Adolescent aggression and social cognition in context: Impulsivity as a moderator of prediction from social information processing.
Fite, J. E., Goodnight, J. A., Bates, J. E., Dodge, K. A., & Pettit, G. S. (2008). Adolescent aggression and social cognition in context: Impulsivity as a moderator of prediction from social information processing. Aggressive Behavior, 34, 511-520.
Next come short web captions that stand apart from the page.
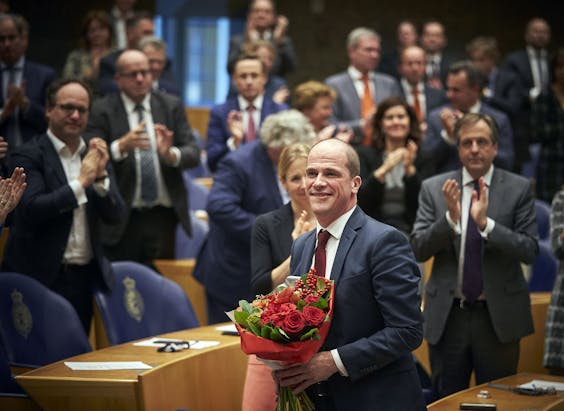 Diederik Samsom nam op 13 december 2016 afscheid van de Tweede Kamer.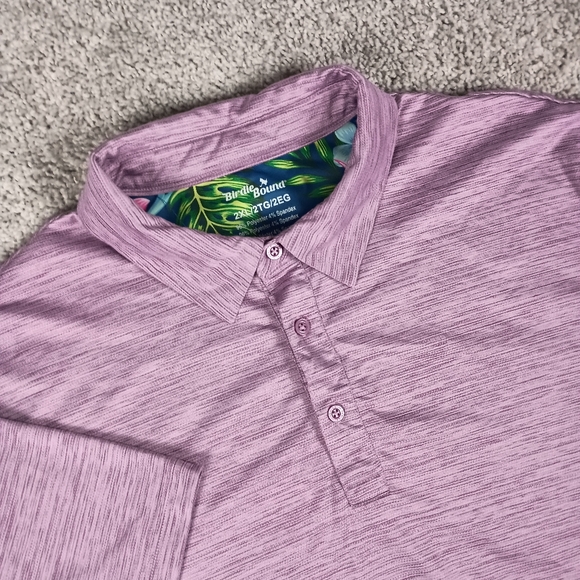 Birdiebound Other - Birdie Bound 2XL Purple Heather Mens Golf Polo Shirt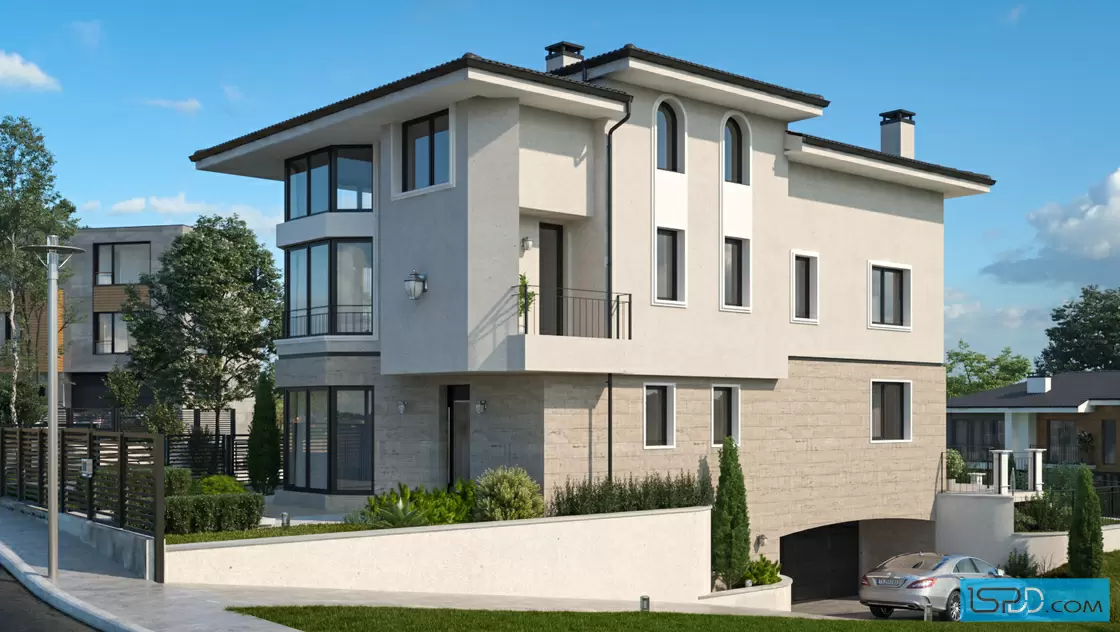 Проект на къща в гр. Банкя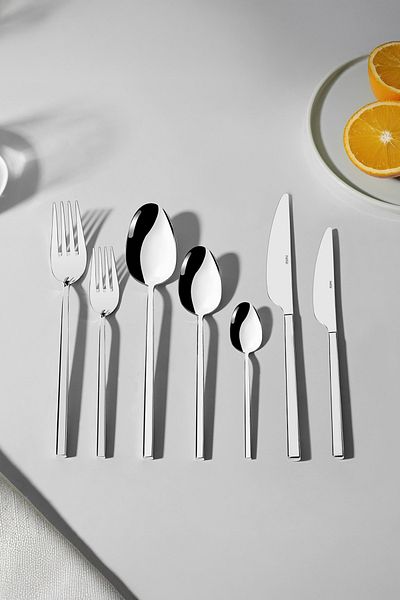Nehir Gloria Sade 12-Person 84-Piece Leather Boxed Cutlery Set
Abstract: This study asked how individual differences in social cognition and personality interact in predicting later aggressive behavior. It was hypothesized that the relationship between immediate response evaluations in social information processing (SIP) and later aggressive behavior would be moderated by impulsivity. In particular, the immediate positive evaluations of aggressive responses would be more strongly related to later aggressive behavior for high-impulsive than for low-impulsive individuals, because high-impulsive children would be less likely to integrate peripheral information and consider long-term future consequences of their actions. Participants were 585 adolescents (52% male) and their mothers and teachers from the longitudinal Child Development Project. Structural equation modeling indicated that teacher-reported impulsivity at ages 11-13 moderated the association between adolescents' endorsement of aggressive responses in hypothetical, ambiguous situations and subsequent mother-reported aggressive behavior. Specifically, positive endorsement of aggressive responses at age 13 was significantly related to later aggressive behavior (age 14-17) for participants with high and medium levels of impulsivity, but this association was not significant for participants with low levels of impulsivity. This study provides evidence of personality variables as potential moderators of the link between SIP and behavior.